Trump has told them being civilized is not the way to look at that social pressure. He advises instead it be characterized as “political correctness” and that now rather than a virtue, it was a thing to be rejected and even vilified. With Trump’s wind at their backs they stand and deliver, unapologetic of their racism, bigotry, antipathy and hatred. It is like a group of cockroaches in a tenement kitchen whose leader has told them they don’t have to scatter when the kitchen light comes on anymore.
It has taken some courage for them to step out into the light with their darkness, and they are still suspicious of the new world Trump has given them, but they love it, and they are ready at a moment’s notice to defend it violently. They feel this hatred at the bogeyman in their hearts and when their leader says it’s okay to express it with fists and rage it is game on. The saddest part of this whole spectacle is that when Trump goes away, which I honestly think he will, he’s not going to take them with him. He’s going to do business as usual and find some other way to stroke his limitless ego, but this ethnocentric, xenophobic and quick to violence strain into which he has single-handedly breathed a newfound sense of personal credibility will remain, and it will be seeking a new sync for its energy.

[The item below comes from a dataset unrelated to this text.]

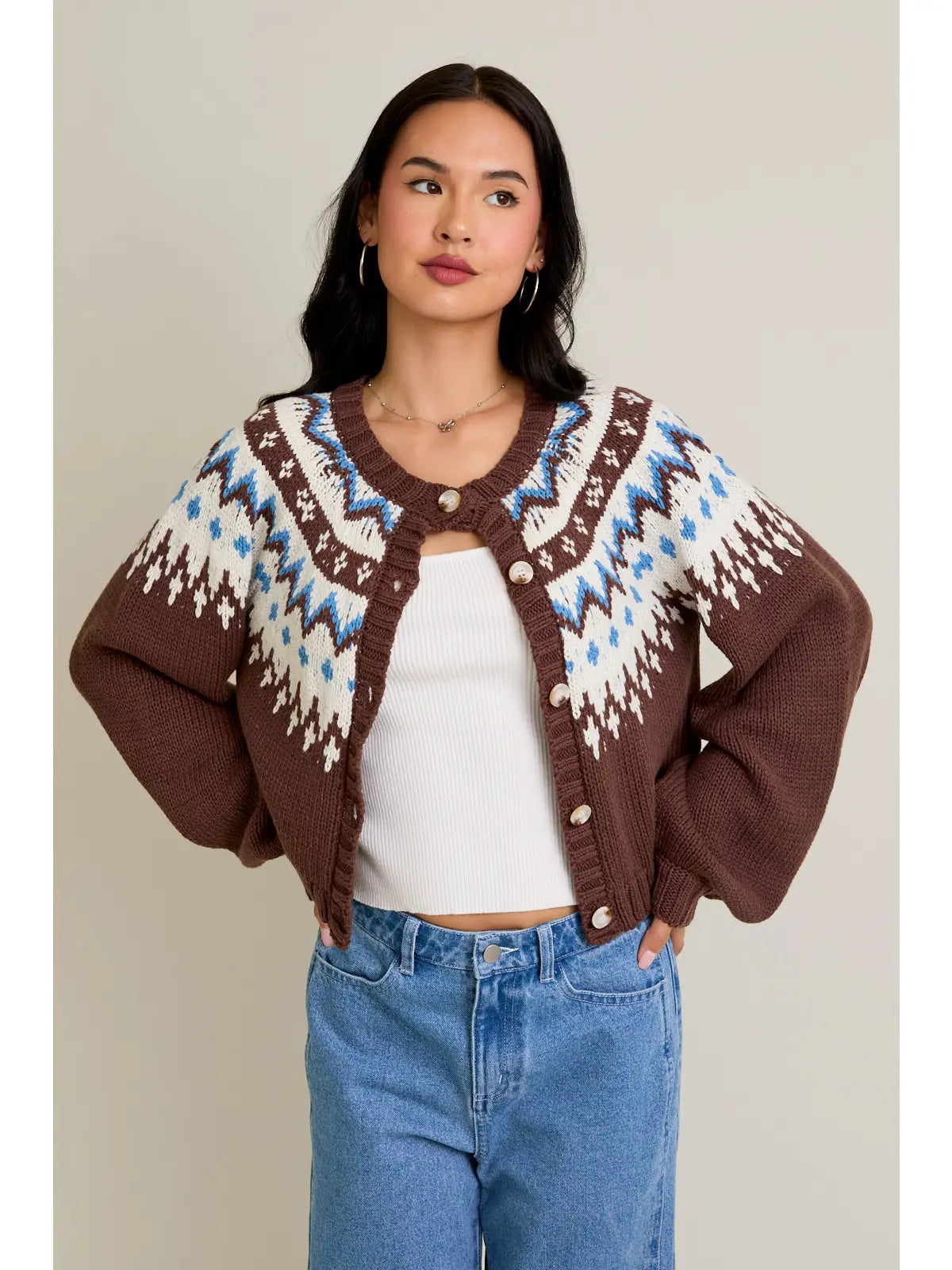 Le Lis Cropped Sweater Cardigan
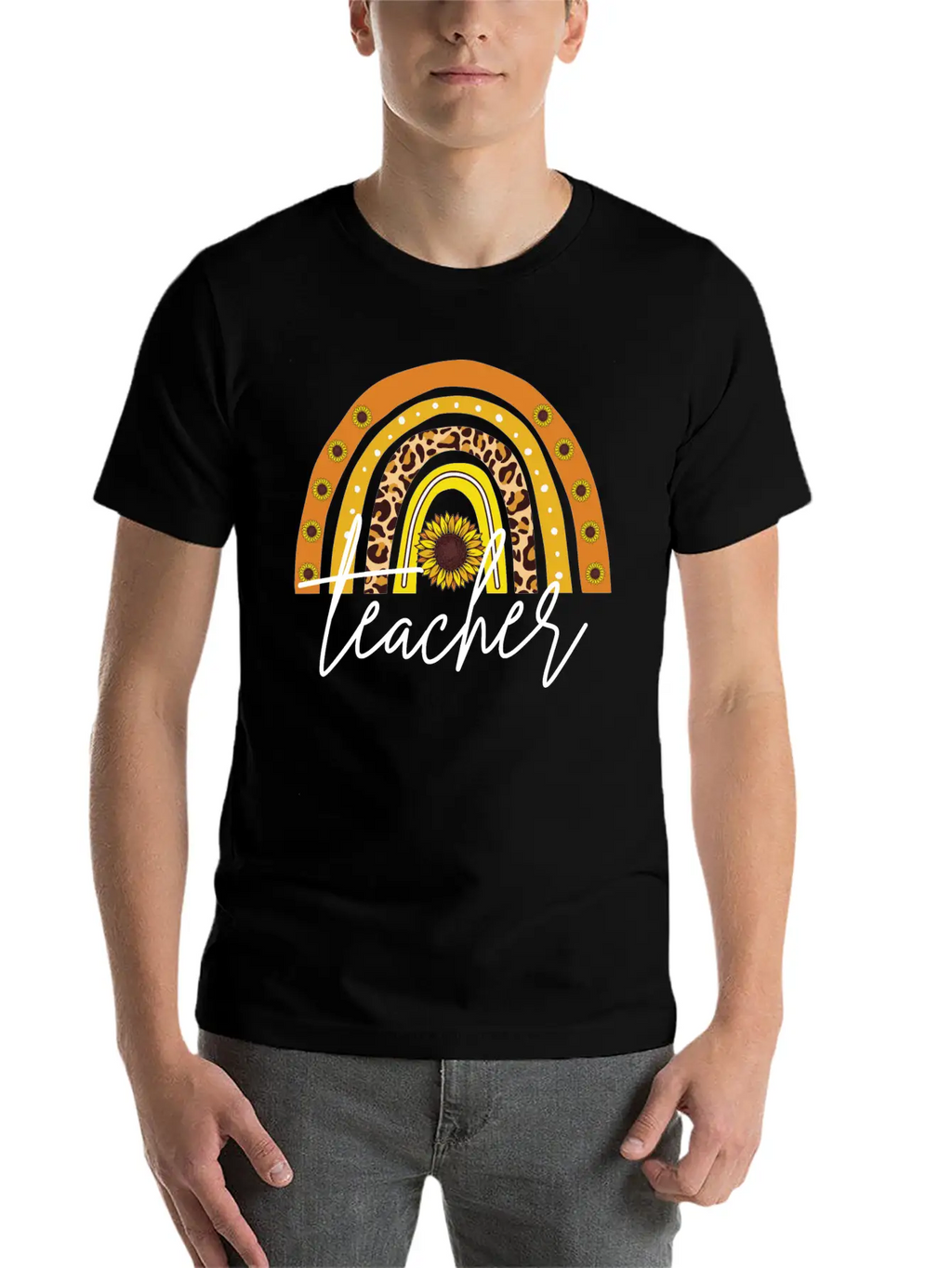 Teacher Boho Rainbow Breathable Soft Cotton T-Shirt – Timeless Casual Look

Blaming the poor, immigrants, other races and religions and maintaining second-class citizenship for women has always been an integral part of many modern Americans’ personal codification. It is sad, but it is true. In addition to these deep-seated prejudices, however, in most parts of the country there has always been an understanding that this kind of talk in social circles and this kind of attitude informing public policy were both bad ideas. Whereas bigotry, xenophobia and racism lite were once upon a time a lot of people's dirty little secret, for many, Trump has released that Kraken.
This now almost nostalgic unspoken social pressure created a cognitive dissonance in a lot of people, and as such had a prayer of initiating internal dialog on the matter. That erstwhile dynamic of there being an understanding that prejudice by law and by creed had been rejected by society probably changed some minds to a more progressive disposition, as it is well known that the way someone reshapes their viewpoint on a subject is by coming to it themselves. Browbeating rarely gets you anywhere past the brow. Still, brows are beaten, and that is what a failing Trump presidency would require. The authoritarian streak of his concept of governance is, to his credit, being laid out frankly and without circumspection or apology in this primary season.
Another Machiavellian old faithful is to create unrest as a pretext for quelling it. According to the Chicago Police and according to the University Police, last night’s event was not cancelled on their recommendation. It was purely a call from the Trump campaign. The cancellation was made via a terse, two-sentence announcement from the podium, and that was it. Witnesses to the event and video documentation indicate that the unruliness only began after the cancellation announcement. Any professional events management company would have their best talker take the podium to try and manage hostilities and initiate calm. It may be an already circulating conspiracy theory, but it strikes me that the Trump campaign favors newsworthy events, and here was a beauty that might have been avoidable. Did they orchestrate the fracas? In a word, yes.
I am inspired to reread The Prince, though I no longer have it. I must, and I shall order it soon. Between November 11th and January 20th, if worse comes to worst, we all should read it, just so as to know what to expect.